We've had a fair bit of relational line and scatter plotting with 2D numerical data, but what about when data is not numerical but **categorical**, like male/female, public/charter/private, own/rent, ...? 

**Seaborn** is a popular graphing package built on top of matplotlib, which offers a suite of attractive, data-rich chart styles, including `catplot`. [This link is worth bookmarking for reference](https://seaborn.pydata.org/tutorial/categorical.html#categorical-tutorial). 

Let's import libraries and load up a dataset about the Titanic.

In [None]:
import numpy as np
import matplotlib.pyplot as plt
import pandas  as pd
import seaborn as sns # sns='Sam Norman Seaborn'
# Sam Seaborn was Rob Lowe's character in 'West Wing'
# The creator of seaborn is a huge fan of WW and created other modules
# named after other characters (lyman, moss, https://github.com/mwaskom)

In [None]:
# This is a famous dataset of Titanic passenger statistics
t3 = pd.read_csv('https://raw.githubusercontent.com/RubeRad/camcom/master/titanic3.csv')
t3.head()

Take a moment to read those first 5 rows.

Row 0 is an unmarried woman, 29 years old, traveling alone, 1st class, who survived.

The next 4 rows are a family of 4, the Allisons: 2 parents, a 2-year old daughter and under 1 year old son (all traveling with #siblings/spouses=2 and #parents/children=2).
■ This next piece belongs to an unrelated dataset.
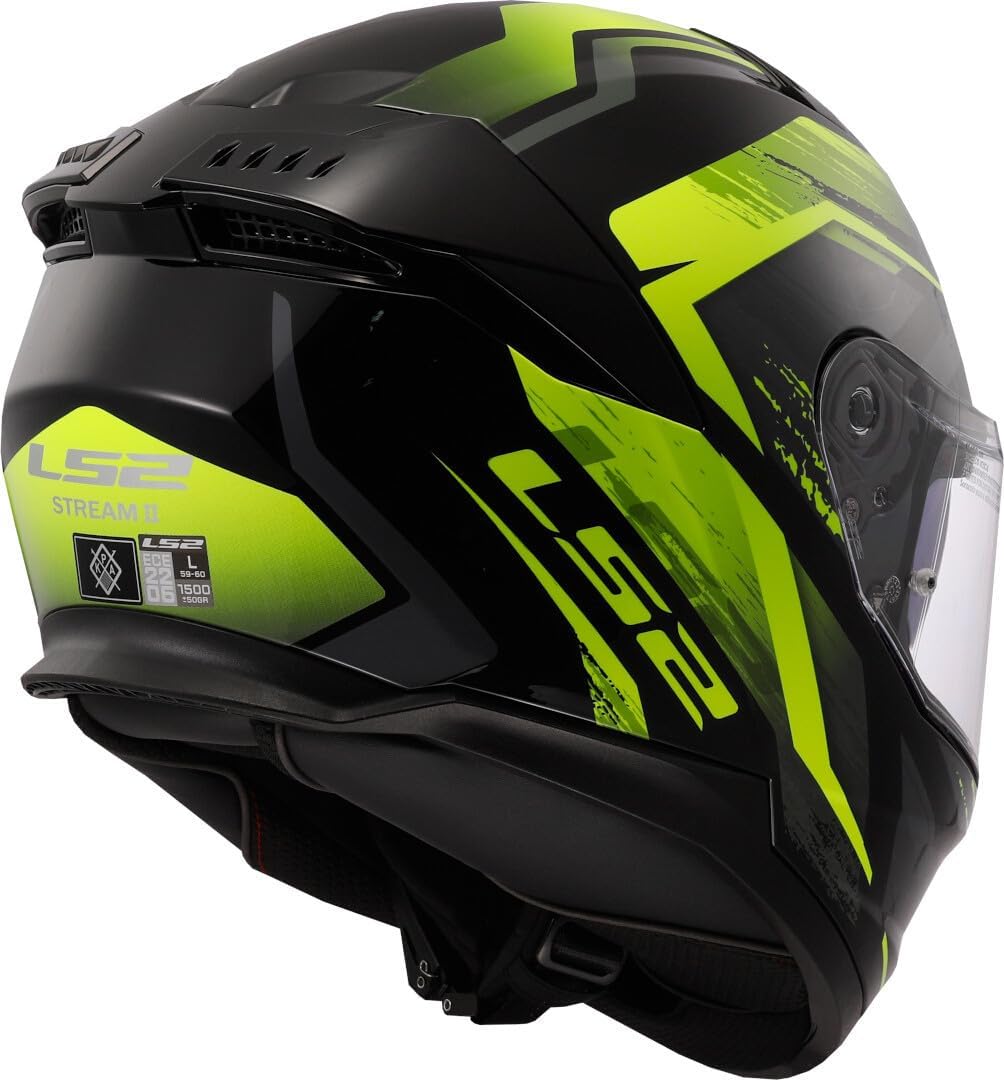 CASCO INTEGRALE LS2 STREAM II FURY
Only the baby boy survived.

There are a couple ways to get some total survival statistics:

In [None]:
t3.survived.value_counts()

In [None]:
survived = t3.survived.sum()   # sum of 500 ones (and 809 zeroes)
total    = t3.survived.count() # 1309
died   = total - survived      # 809
diepct =     (died/total)*100
livpct = (survived/total)*100

In [None]:
diepct

In [None]:
plt.figure()
plt.gca().set_ylabel('Percent')
plt.bar(  ['Died','Survived'],   # array of categories
          [diepct, livpct]    )  # array of bar heights

#plt.text(0.5, 35, 'LAME', ha='center', va='center',
#        rotation=45, c='r', size=75, fontdict={'weight':'bold'} )

plt.show()

## Tufte Time
How many pieces of data are displayed in that bar chart? What is the data ink ratio? This is why Tufte has a generally low opinion of bar charts.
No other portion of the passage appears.